Hi Andri,

Thanks for your interest in OONI and your kind words!


On 10/02/2017 09:10 +0000, Andri Effendi wrote:
Why are some websites appearing in the results as being censored, yet
when I try to go to the URL it works?

Yes, there are some false positives in the results and although we do take some measures to reduce them, they sometimes occur.

For further reduction of false positives we handle this in the data processing pipeline.

False positives can occur because:

1) Sometimes when you do a DNS resolution for a domain (converting something like google.com into 8.8.8.8) from two different locations you get back different IPs. We compensate for this by also doing reverse lookups on the IPs and checking if the reverse matches, but sometimes this is not enough.
In the data pipeline we have more advanced heuristics to take this into account.

2) Sometimes the content of a site changes very dramatically between two different locations (for example because when you access a site from Turkey the content is localized in turkish).
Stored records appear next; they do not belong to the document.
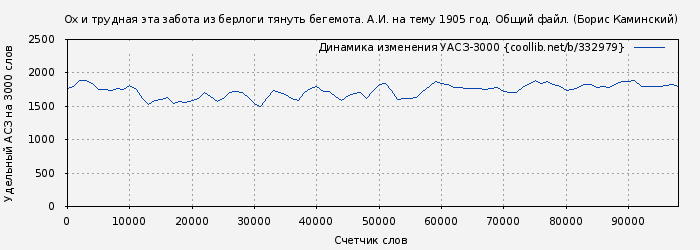 Удельный АСЗ-3000 книги № 332979: Ох и трудная эта забота из берлоги тянуть бегемота. А.И. на тему 1905 год. Общий файл. (Борис Каминский)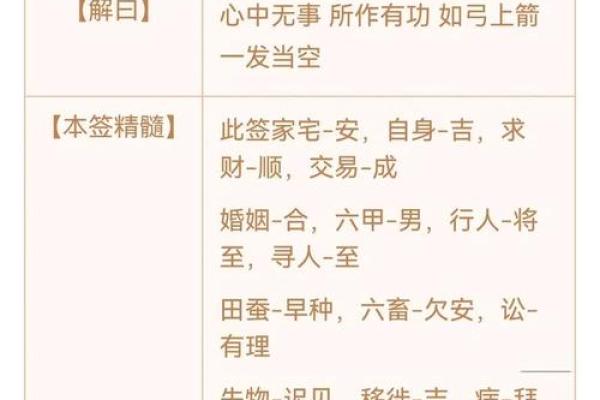 观音灵签48 观音灵签48何时能获得好运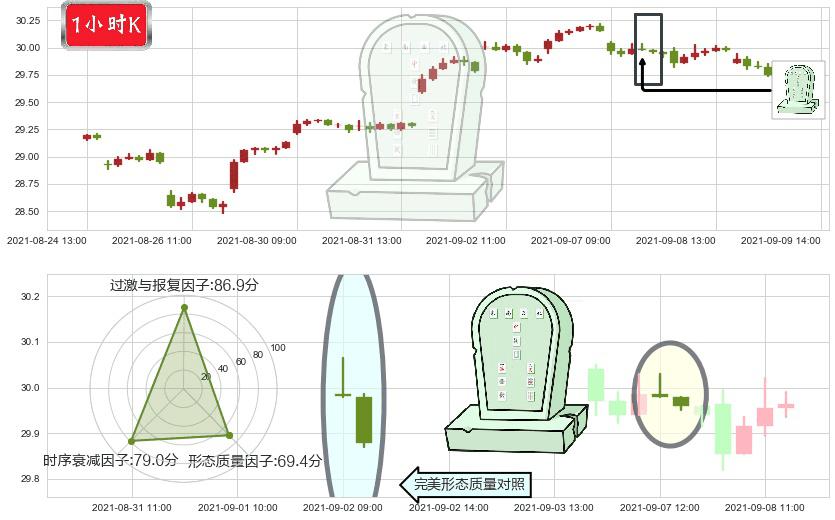 俄罗斯ETF-Market Vectors(usRSX)墓碑十字线（墓碑线）K线图-阿布量化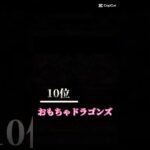 現環境最強コンビランキグン！　#パズドラ 　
The state of the art in this field is to use the body length (see: https://www.cs.princeton.edu/~bj6/papers/imc2014-blockpage-detection.pdf), but we also use other things such as HTTP Headers and the HTML Title tag, but it is sometimes not enough.

3) Sometimes the site is not particularly reliable and it will fail to be up when the probe connects to it, but it is up when our control connects to it. We are working on addressing this issue by measuring the global availability of all sites we test and using this as a factor to reduce false positives in this area.
I know there are risks of running OONI, but what level is the risk?

You can read more information about what are the risks associated to running ooniprobe at this page:
https://ooni.torproject.org/about/risks/
Is it just going on sites like thepiratebay.org?

Or OONI going to be probing (Internationally) illegal sites like Drugs
and Abuse material going to be probed in tests as well?

The list of sites we use for testing is a project we work on together with the CitizenLab. You can find the full list of sites we test here:
https://github.com/citizenlab/test-lists/blob/master/lists/global.csv

Some of the rational behind how they are chosen is described a bit here:
https://github.com/citizenlab/test-lists#what-is-it

Let me know if you have any further questions,

~ Arturo